Más allá, vio a María echando pienso a las gallinas, con la pequeña Samara detrás de ella, riente y gritando “¡Os! ¡Os!” como hacía su madre. Una dulzura rosada invadió su vientre y la llevó a la cocina con una sonrisa que se le fue resbalando al escuchar a su madre.
-Anoche hablé con tu padre –le dijo Rosi poniéndole el desayuno.

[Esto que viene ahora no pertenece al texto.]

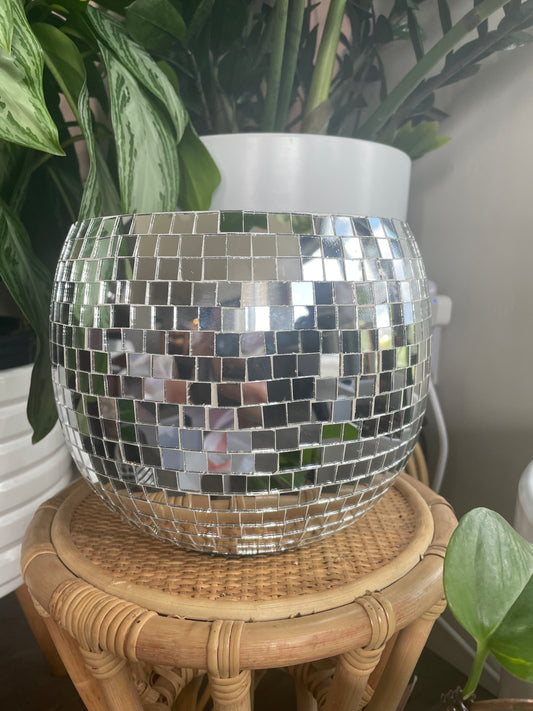 Disco Ball Planter - Silver 8"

-¿Sí? –Laura fingió interés pero hacía ya demasiado tiempo que había olvidado el olor de su padre, y el calor que irradiaban sus manos al acariciar su pelo, y hasta el timbre de su voz al natural. Tener un padre que no ejercía como tal era más desolador que no tenerlo.
-Me ha dicho que te castigue si hace falta, pero que esas notas tienen que subir.
-Lo intentaré –respondió la niña, mirando a su madre con tanta seriedad que Rosi sintió que se le estrujaba el corazón.
-Ay, Laura –le dijo, acercándose a ella y abrazándola torpemente-. ¿Estás bien?
-Sí, mamá.
A Rosi le costaba mucho hacer la pregunta, pero la hizo:
-¿Se… se meten contigo en el colegio? ¿Te dicen… algo?